--- Listed entries ---
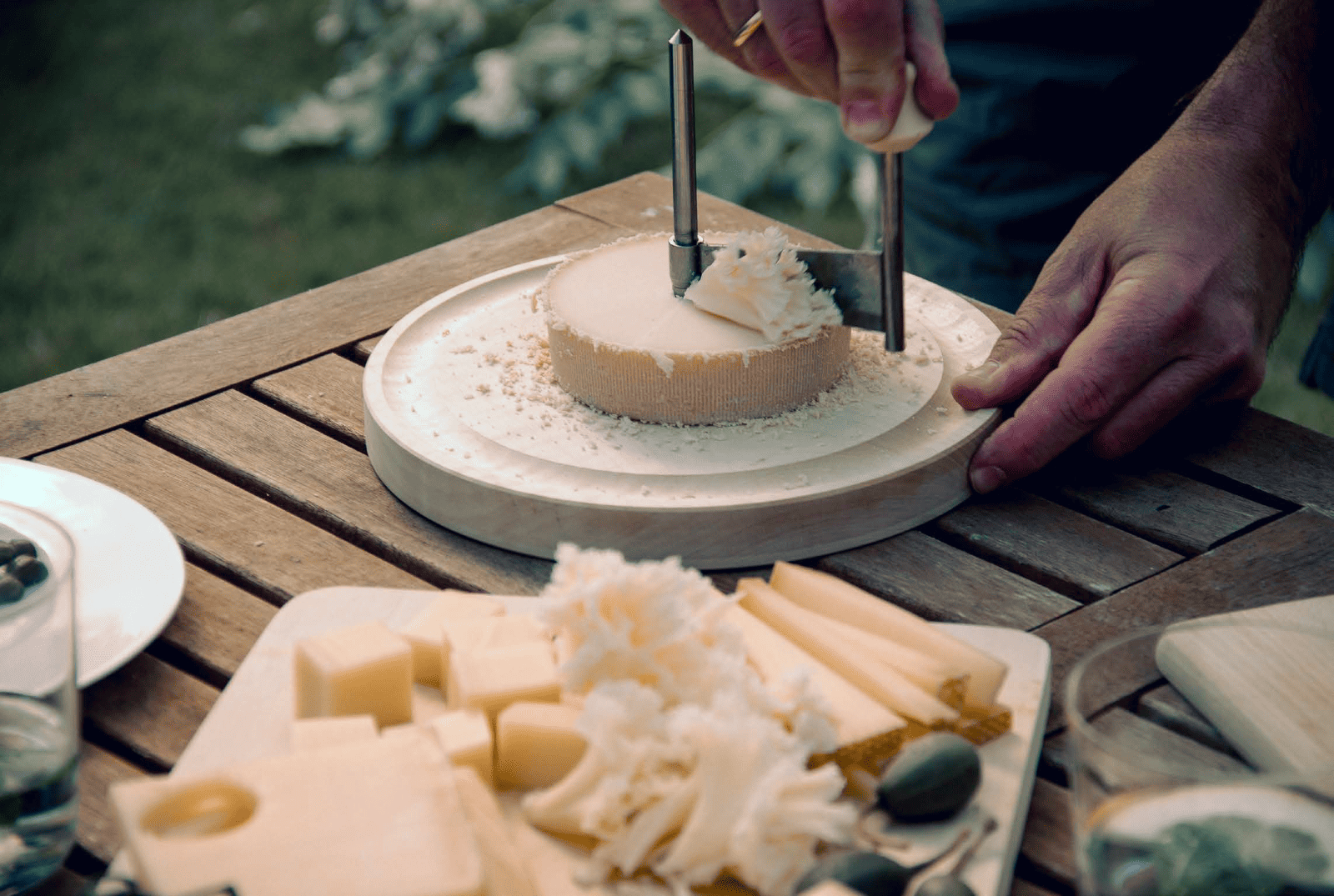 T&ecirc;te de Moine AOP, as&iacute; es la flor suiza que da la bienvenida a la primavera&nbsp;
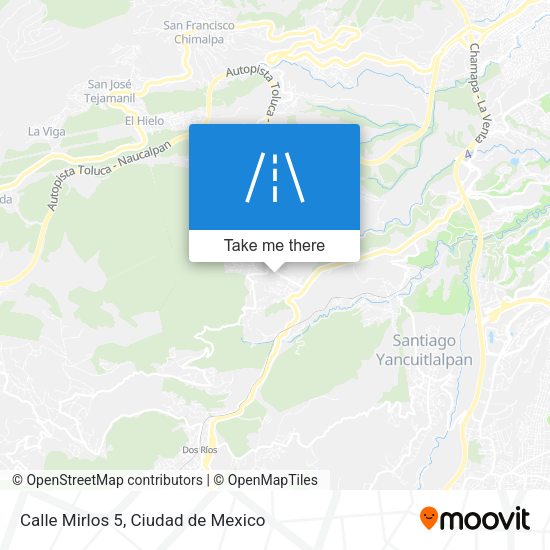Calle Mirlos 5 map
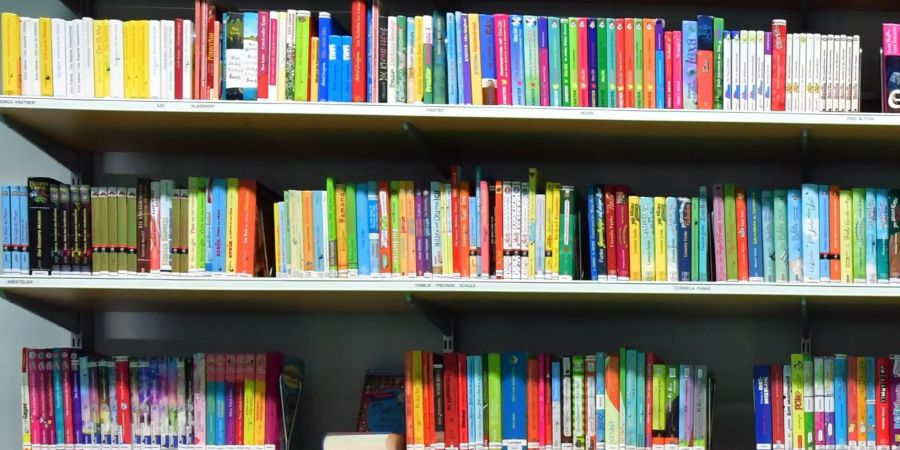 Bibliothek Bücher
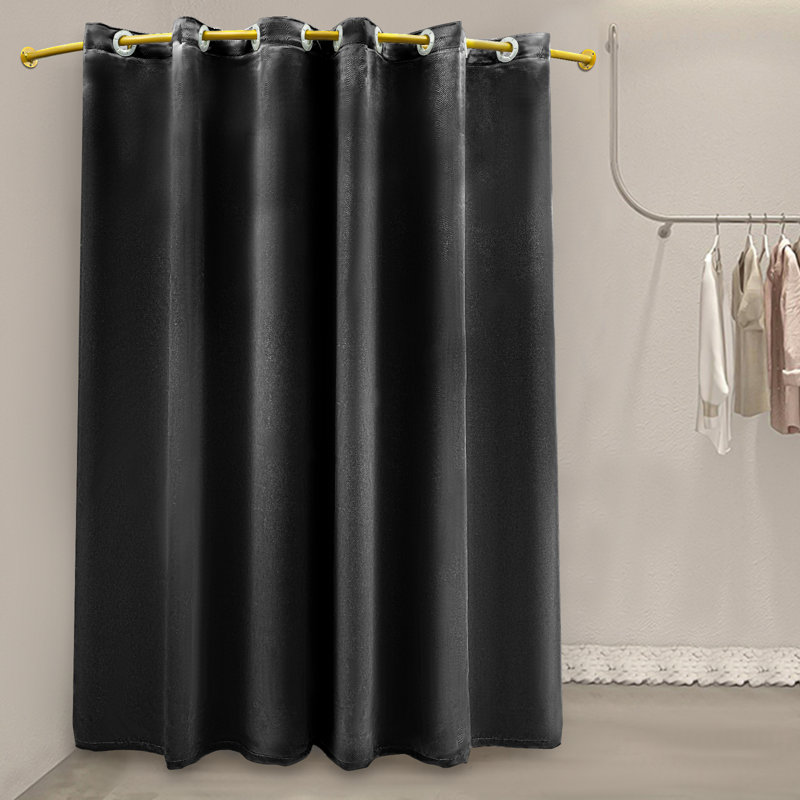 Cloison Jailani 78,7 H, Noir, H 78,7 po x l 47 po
---
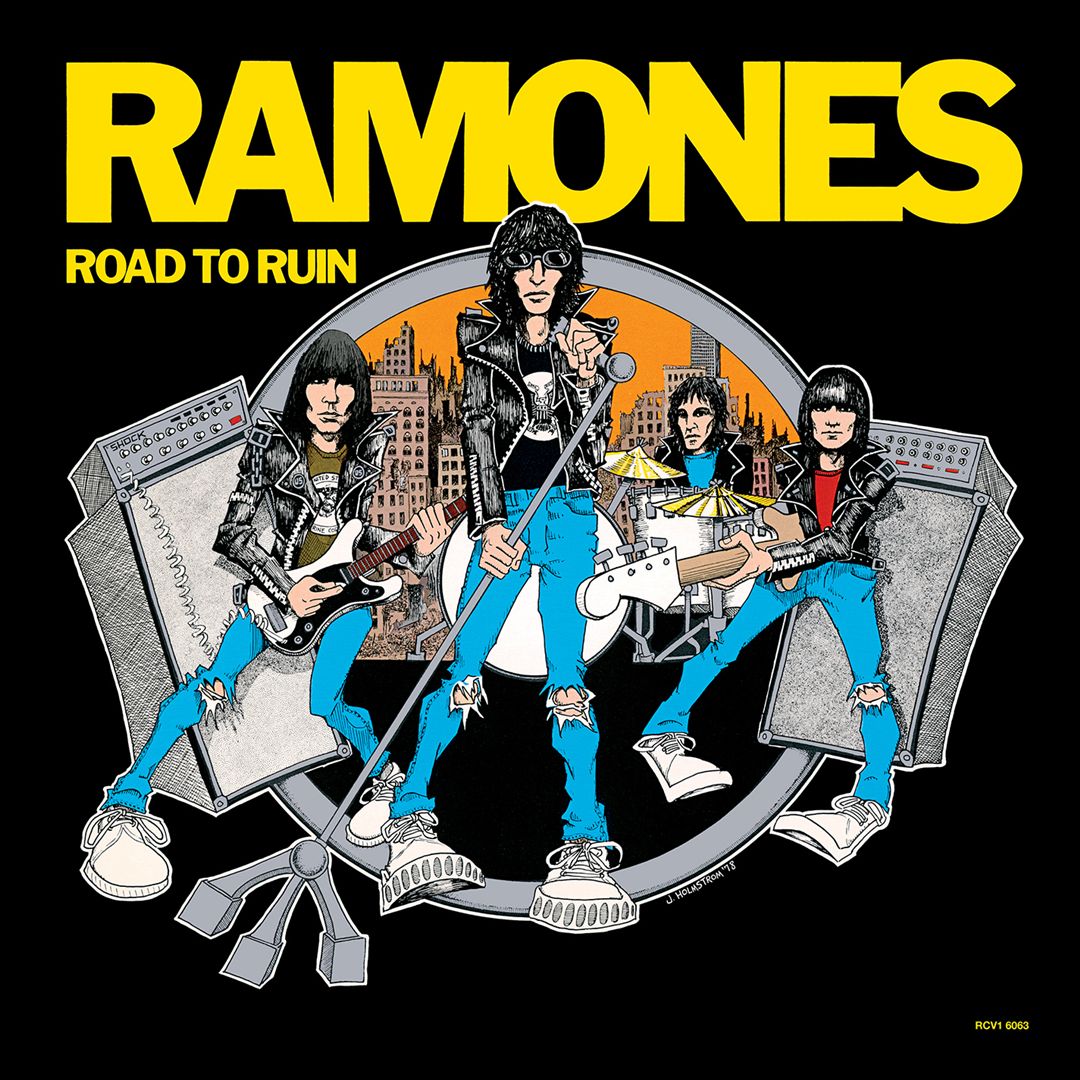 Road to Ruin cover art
---
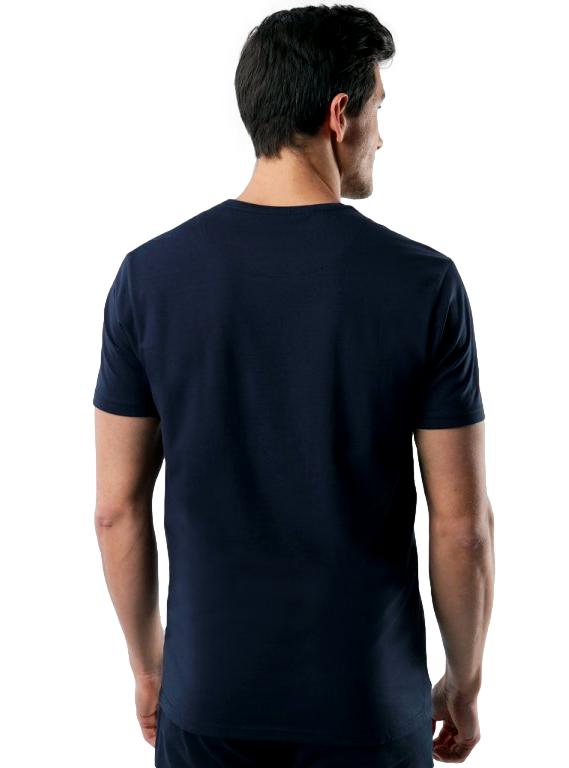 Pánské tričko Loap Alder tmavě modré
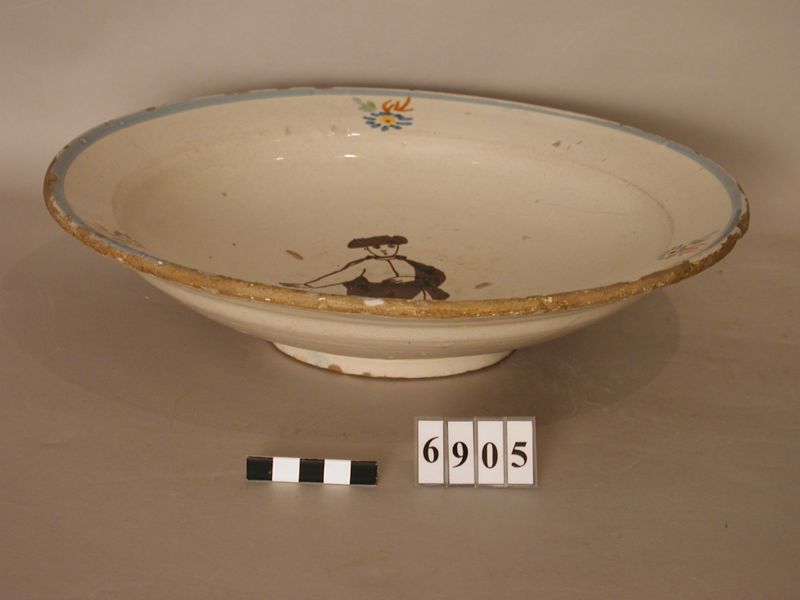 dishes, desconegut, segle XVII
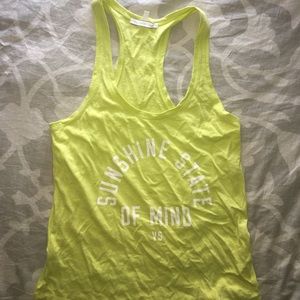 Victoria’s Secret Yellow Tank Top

--- Work task ---
The answer should consist only of the lines above from the one with "T&ecirc;te de Moine" through the one with "Cloison Jailani 78,7", repeated exactly, with no pictures among them.

--- Worked solution ---
 T&ecirc;te de Moine AOP, as&iacute; es la flor suiza que da la bienvenida a la primavera&nbsp;
Calle Mirlos 5 map
 Bibliothek Bücher
 Cloison Jailani 78,7 H, Noir, H 78,7 po x l 47 po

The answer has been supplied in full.